→ **Task instructions**:
From the entries below, transcribe exactly the lines between the line holding "Personal del Instituto" and the line holding "Seat Leon Sportstourer", inclusive; skip all other lines.

→ **Material shown**:
+===+

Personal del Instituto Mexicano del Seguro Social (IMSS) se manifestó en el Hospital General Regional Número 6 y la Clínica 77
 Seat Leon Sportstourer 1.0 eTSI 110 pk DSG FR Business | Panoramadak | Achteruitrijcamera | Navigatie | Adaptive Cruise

+===+

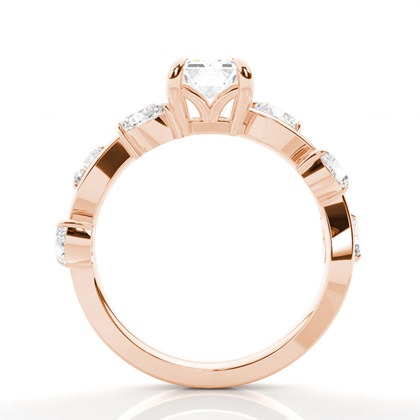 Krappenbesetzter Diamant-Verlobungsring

+===+

→ **Task solution**:
Personal del Instituto Mexicano del Seguro Social (IMSS) se manifestó en el Hospital General Regional Número 6 y la Clínica 77
 Seat Leon Sportstourer 1.0 eTSI 110 pk DSG FR Business | Panoramadak | Achteruitrijcamera | Navigatie | Adaptive Cruise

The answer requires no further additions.